Identity Federation 
Identity federation provides the means to share identity information between partners. To share information about a user, partners must be able to identify the user, even though they may use different identifiers for the same user. The SAML 2.0 standard defines the name identifier (name ID) as the means to establish a common identifier. Once the name ID has been established, the user is said to have a federated identity.
The SAML 2.0 standard defines a number of name ID formats. The table below describes the name ID formats.
Name ID Format |
Description |
|---|---|
The name ID is an e-mail address. |
|
Kerberos |
The name ID is a Kerberos Principal Name (KPN). |
Persistent |
The name ID is a permanent opaque string generated by the identity provider for a service provider or an affiliation of service providers. |
Transient |
The name ID is a temporary opaque string generated by the identity provider for a service provider for the lifetime of a security session. |
Unspecified |
The implementation of this name ID is vendor-specific. SAP assumes this value to be either a user ID, a logon alias, or an entry in the USREXTID table. |
Windows Name |
The name ID is a user ID qualified by a Windows domain. |
X.509 Subject Name |
The name ID is the subject name of an X.509 certificate. |
Types of Federation
SAML describes the following types of federation:
Out-of-band account linking
Transient pseudonym identifiers
Persistent pseudonym identifiers
Out-of-Band Account Linking
The identities of a user in system A and system B are identified and agreed upon ahead of time between the administrators of the two systems. This kind of agreement is supported by SAML 1.x, too. The administrator of the identity provider and the service provider agree how the name ID used for the user in the identity provider maps to the user in the service provider.
Example
Users in the identity provider always log on with their e-mail address. The logon ID and e-mail address are identical. The administrator of the identity provider agrees to provide the Unspecified name ID format including the logon ID. After a user successfully logs on to the identity provider, whether by Kerberos name or client certificate or whatever, the identity provider provides the logon ID of the user to the service provider in the SAML assertion. The service provider is also configured to use the Unspecified name ID format and is configured to map the user to their e-mail address in the USREXTID table. The service provider searches for the user with an e-mail address that matches. So long as the e-mail address in the service provider is unique, the service provider can log the user on.

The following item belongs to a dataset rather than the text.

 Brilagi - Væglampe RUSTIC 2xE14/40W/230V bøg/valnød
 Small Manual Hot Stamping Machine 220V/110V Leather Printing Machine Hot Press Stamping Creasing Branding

The figure below shows Laurent Becker has different User IDs on the identity provider and service provider. With SAML 2.0 he authenticates on the identity provider. The identity provider passes his user ID to the service provider, and the service provider searches for his user by his e-mail address. Thus his two accounts are linked by user ID and e-mail address.
Account Linking with E-Mail Address
Use this kind of federation to support most scenarios where you need to map user identities across domains.

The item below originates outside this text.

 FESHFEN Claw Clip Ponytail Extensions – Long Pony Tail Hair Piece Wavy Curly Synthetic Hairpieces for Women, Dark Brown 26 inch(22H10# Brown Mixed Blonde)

Transient Pseudonym Identifiers
Federation with transient name IDs creates a federation with a temporary user in the service provider and a permanent user in the identity provider. This federation only exists as long as the security session with the service provider exists. The service provider does not persist data about the visiting user.
User attributes and access rights are generated based on rules applied to attributes sent in SAML messages.

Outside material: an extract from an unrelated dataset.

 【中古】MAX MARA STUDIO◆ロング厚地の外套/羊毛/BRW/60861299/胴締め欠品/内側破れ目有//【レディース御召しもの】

Use this kind of federation when the service provider does not need to record information about users or do not need local user accounts.
Persistent Pseudonym Identifiers
Federation with persistent name IDs establishes a permanent relationship between a user on an identity provider and a user on a service provider or users on an affiliation of service providers. The persistent name ID is used by an identity provider and a service provider as a common name for a single user. If this name ID for a user is the same for multiple service providers, the service providers are said to be affiliated or belong to an affiliation group.
Use this kind of federation to link accounts out-of-band, but without using identifiers that can be traced back to a specific user. This increases the security of your systems by preventing eavesdroppers from determining identities on the basis of name ID formats that pass logon IDs or e-mail addresses. It requires you to establish the pseudonym on both providers ahead of time.
Federation with persistent name IDs also offers interactive federation. Federation is established on the fly. You can enable users to interactively establish federation between existing accounts or even create their own account on the target system with self-registration. Use this kind of federation if you have not created persistent pseudonyms on the identity provider and service provider ahead of time. It enables you to configure these mappings as you go.
Note
Users cannot create their own accounts on the target system with self-registration in AS ABAP.
Securing Data
You can ensure that sensitive data is encrypted when two systems share such information.
The use of the pseudonym name ID formats (transient and persistent) ensure privacy and anonymity between two partners (identity provider and service provider). Neither partner needs to be aware of the local account name used by the other partner, protecting the user's privacy.